_DESCRIPTION OF THE TASK_
Note the line containing "SPODNIE DO PASA ONYX - ODPINANE NOGAWKI !"; from it through the last line below, give only those lines again, exactly, both ends included, skipping pictures.

--- MATERIAL FOR THIS EXERCISE ---

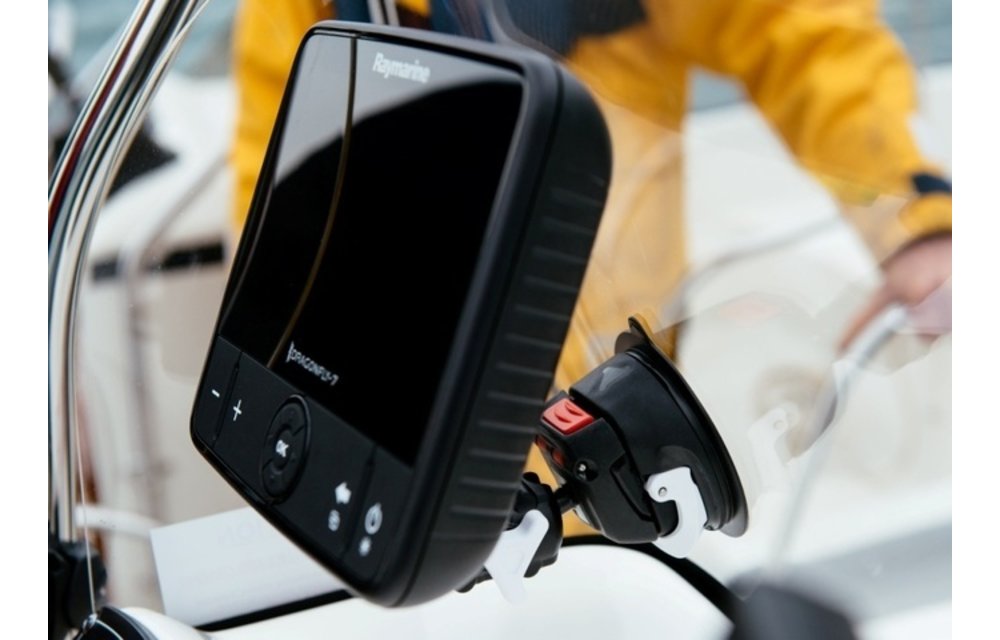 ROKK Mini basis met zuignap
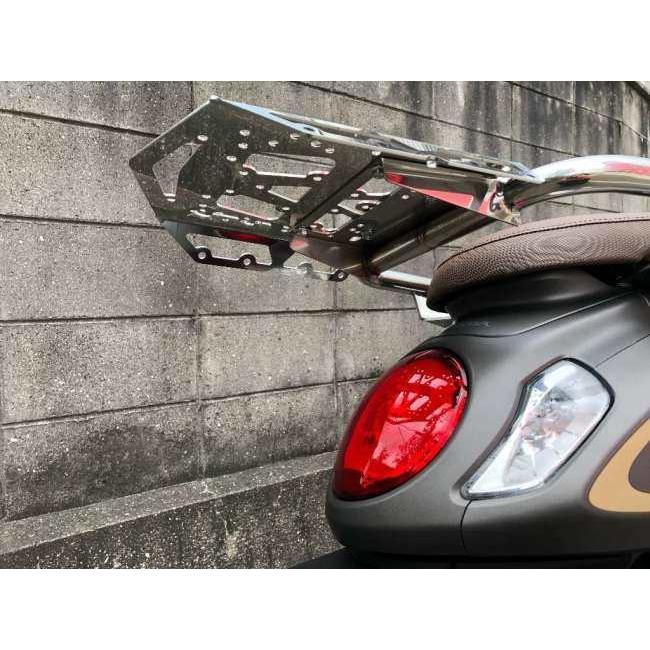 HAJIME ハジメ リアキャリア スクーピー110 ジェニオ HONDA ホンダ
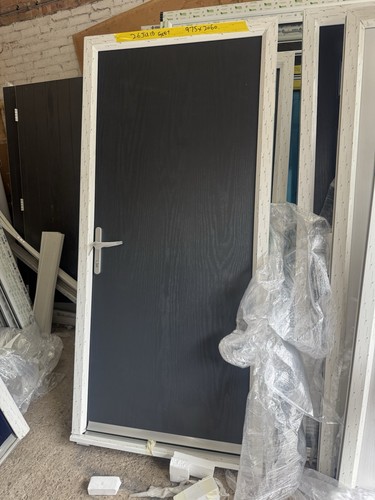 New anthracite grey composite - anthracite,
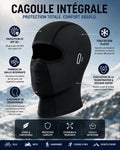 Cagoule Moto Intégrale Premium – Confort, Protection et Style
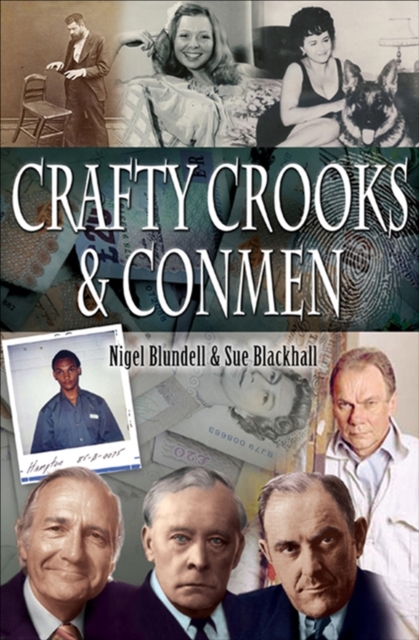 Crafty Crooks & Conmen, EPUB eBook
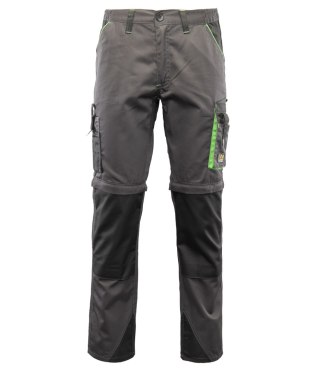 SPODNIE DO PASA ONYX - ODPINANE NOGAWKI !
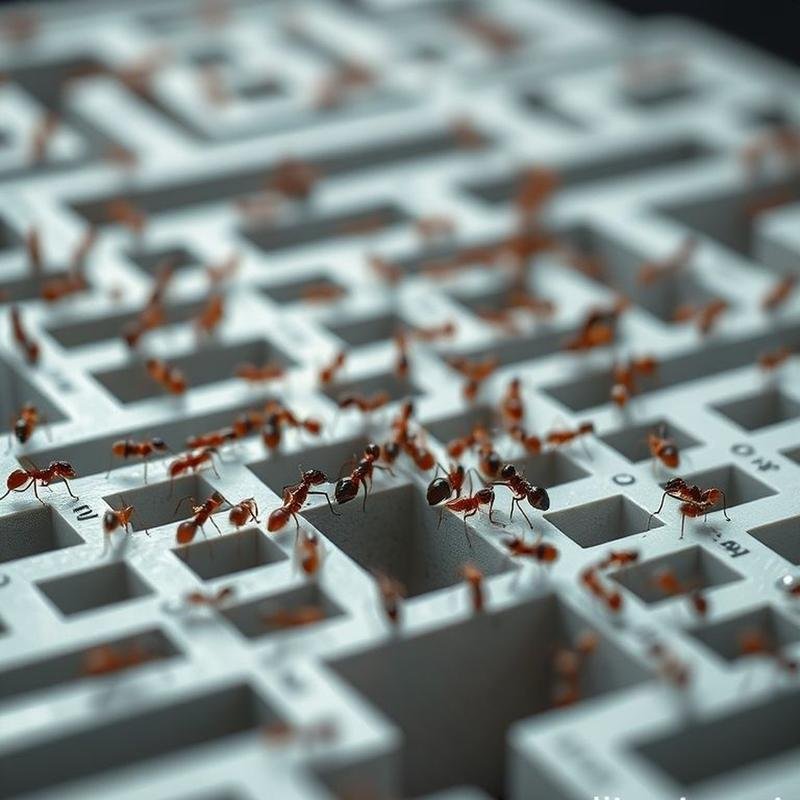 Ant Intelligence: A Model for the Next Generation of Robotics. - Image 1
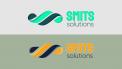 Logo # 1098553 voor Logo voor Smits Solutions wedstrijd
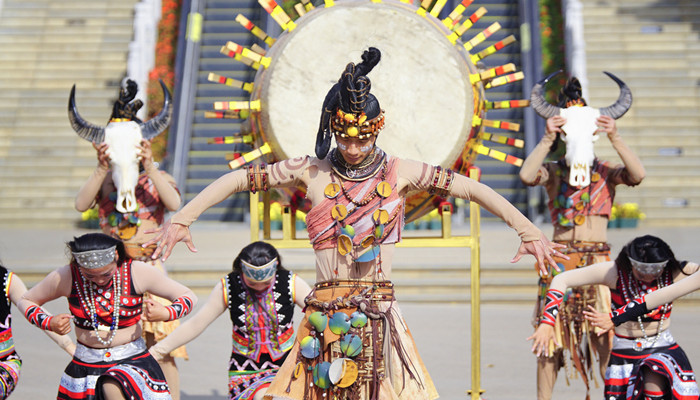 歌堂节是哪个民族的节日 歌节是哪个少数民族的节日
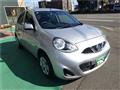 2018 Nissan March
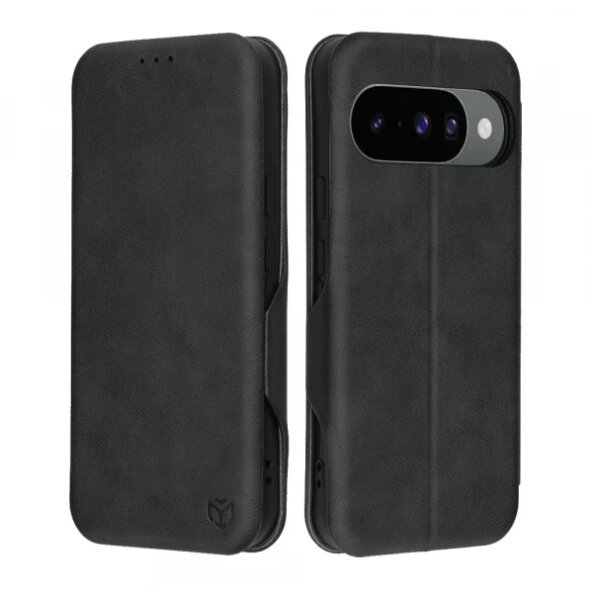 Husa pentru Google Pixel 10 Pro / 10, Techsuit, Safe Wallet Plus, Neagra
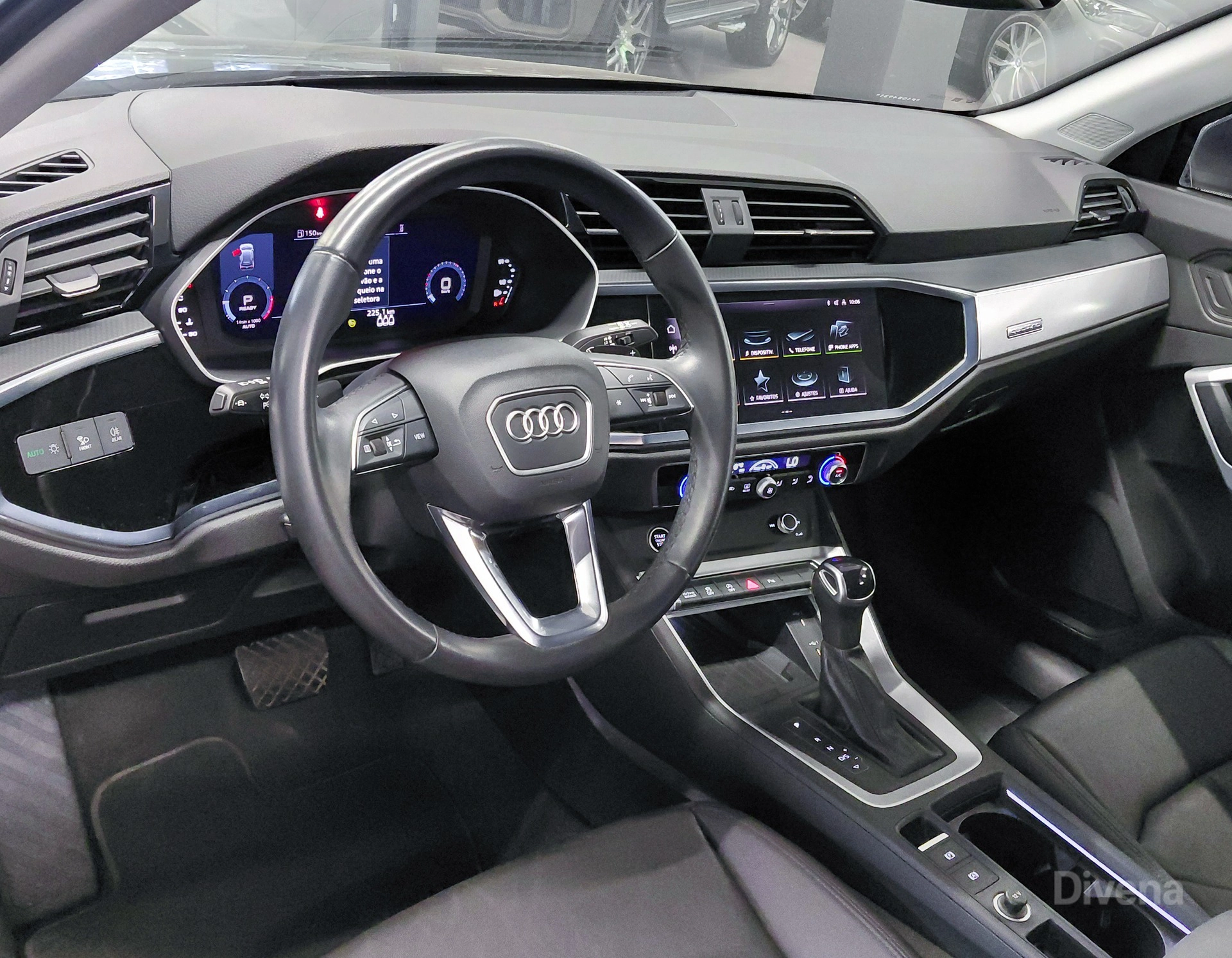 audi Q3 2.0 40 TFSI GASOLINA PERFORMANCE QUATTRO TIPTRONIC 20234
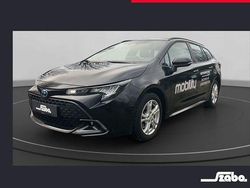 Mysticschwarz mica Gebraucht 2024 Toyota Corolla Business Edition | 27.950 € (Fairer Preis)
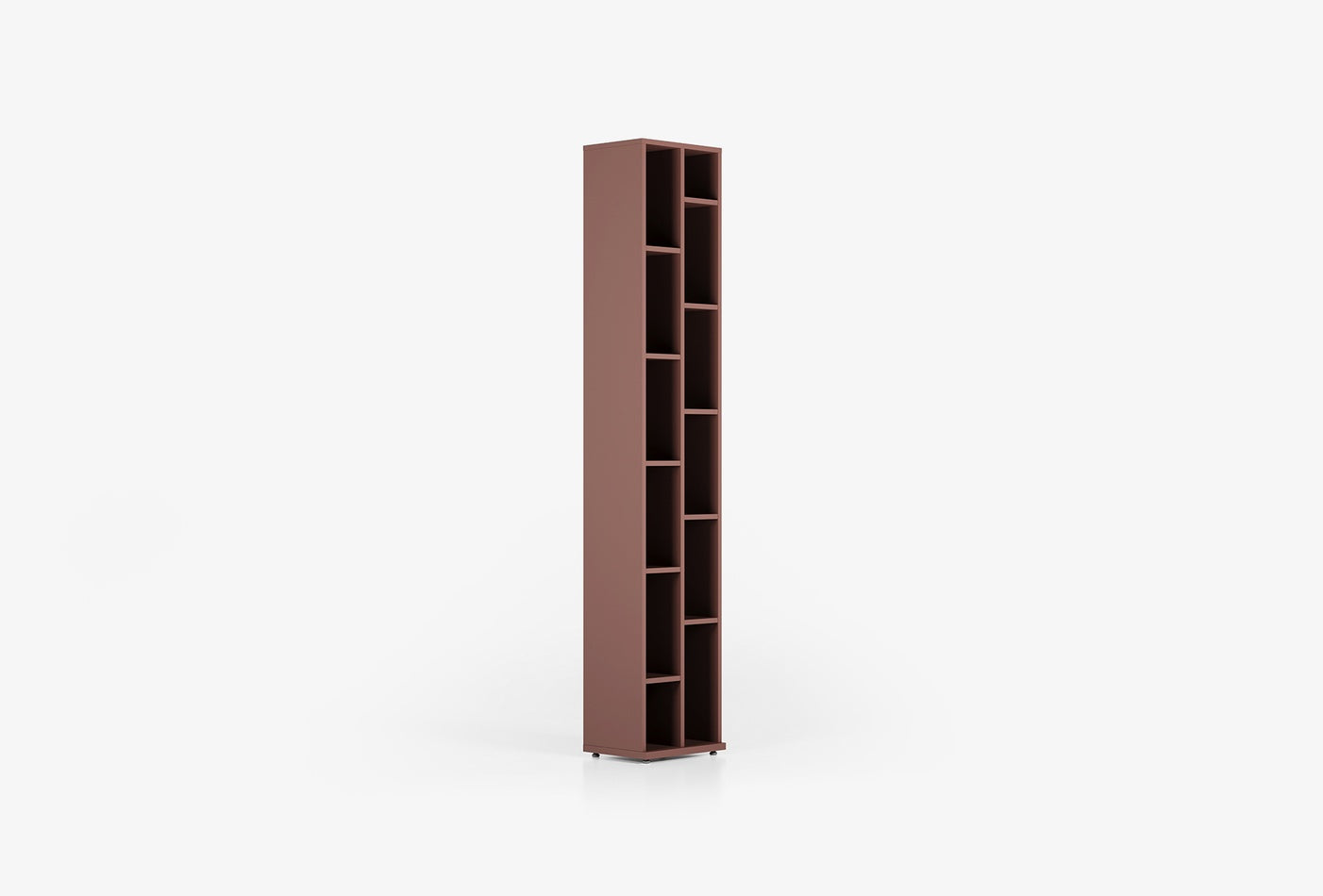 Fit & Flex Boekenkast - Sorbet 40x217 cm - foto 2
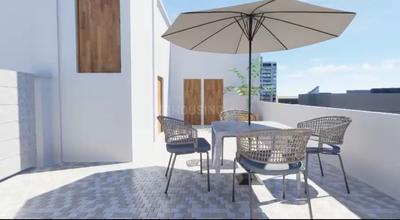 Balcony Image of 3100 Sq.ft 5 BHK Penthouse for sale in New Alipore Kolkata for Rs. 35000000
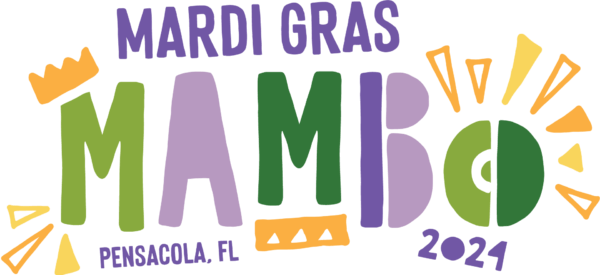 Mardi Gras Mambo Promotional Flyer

---

_SOLUTION TO THE EXERCISE_
 SPODNIE DO PASA ONYX - ODPINANE NOGAWKI !
 Ant Intelligence: A Model for the Next Generation of Robotics. - Image 1
 Logo # 1098553 voor Logo voor Smits Solutions wedstrijd
 歌堂节是哪个民族的节日 歌节是哪个少数民族的节日
 2018 Nissan March
 Husa pentru Google Pixel 10 Pro / 10, Techsuit, Safe Wallet Plus, Neagra
 audi Q3 2.0 40 TFSI GASOLINA PERFORMANCE QUATTRO TIPTRONIC 20234
 Mysticschwarz mica Gebraucht 2024 Toyota Corolla Business Edition | 27.950 € (Fairer Preis)
 Fit & Flex Boekenkast - Sorbet 40x217 cm - foto 2
 Balcony Image of 3100 Sq.ft 5 BHK Penthouse for sale in New Alipore Kolkata for Rs. 35000000
 Mardi Gras Mambo Promotional Flyer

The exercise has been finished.